- **EXERCISE BRIEF**: Reproduce from the records below, with no pictures, exactly the lines between the one containing "Crece la deuda" and the one containing "Кольцо из белого золота с бриллиантами и рубеллитоми", inclusive.
[[ WORKING DATA open ]]
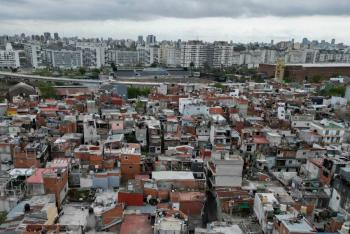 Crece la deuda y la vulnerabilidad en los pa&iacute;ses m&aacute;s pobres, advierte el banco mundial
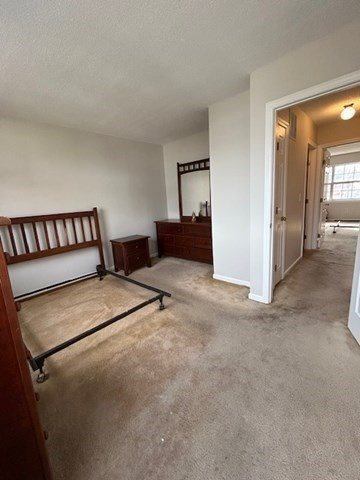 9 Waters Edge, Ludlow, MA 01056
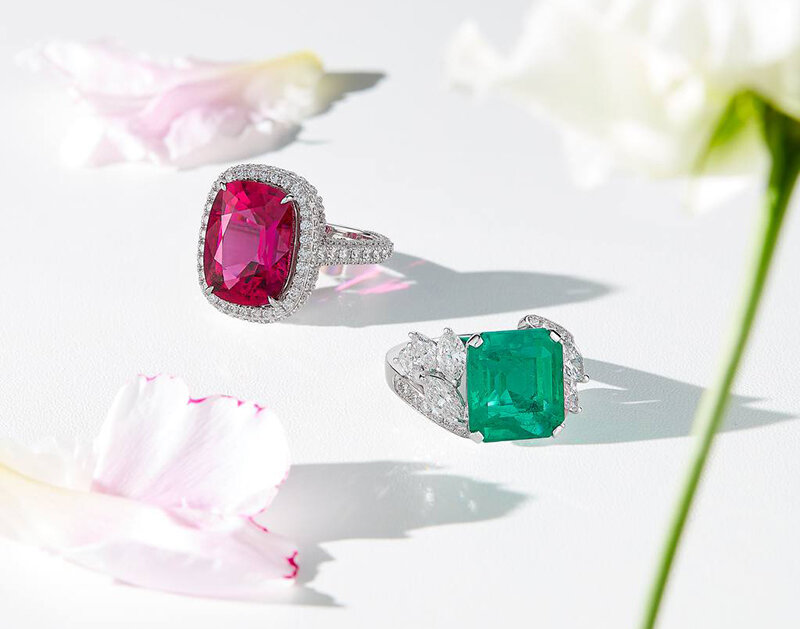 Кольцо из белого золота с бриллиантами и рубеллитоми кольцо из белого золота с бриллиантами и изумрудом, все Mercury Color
[[ WORKING DATA closed ]]
[[ WORKING DATA open ]]
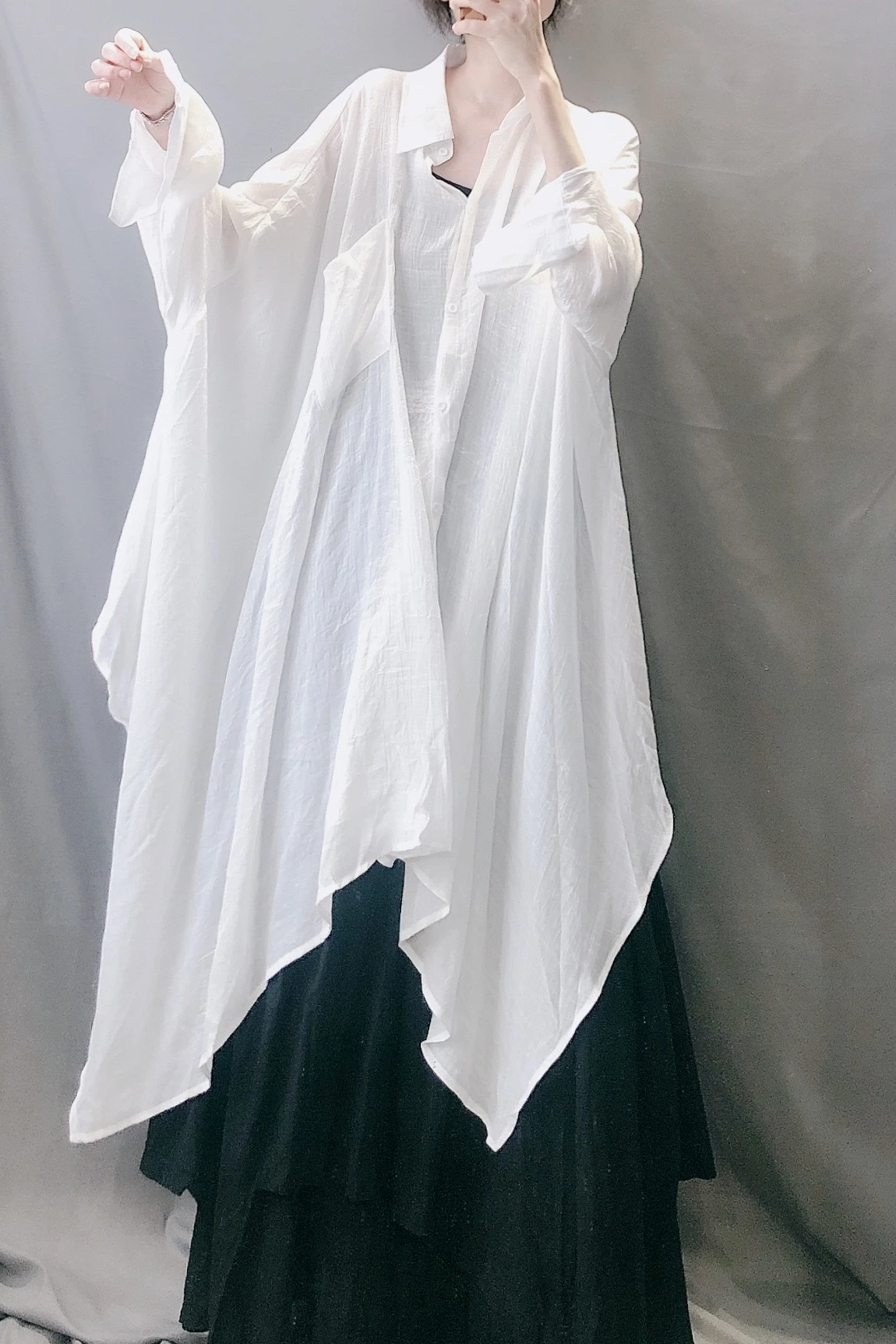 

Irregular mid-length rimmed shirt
[[ WORKING DATA closed ]]
- **EXERCISE ANSWER**:
 Crece la deuda y la vulnerabilidad en los pa&iacute;ses m&aacute;s pobres, advierte el banco mundial
 9 Waters Edge, Ludlow, MA 01056
 Кольцо из белого золота с бриллиантами и рубеллитоми кольцо из белого золота с бриллиантами и изумрудом, все Mercury Color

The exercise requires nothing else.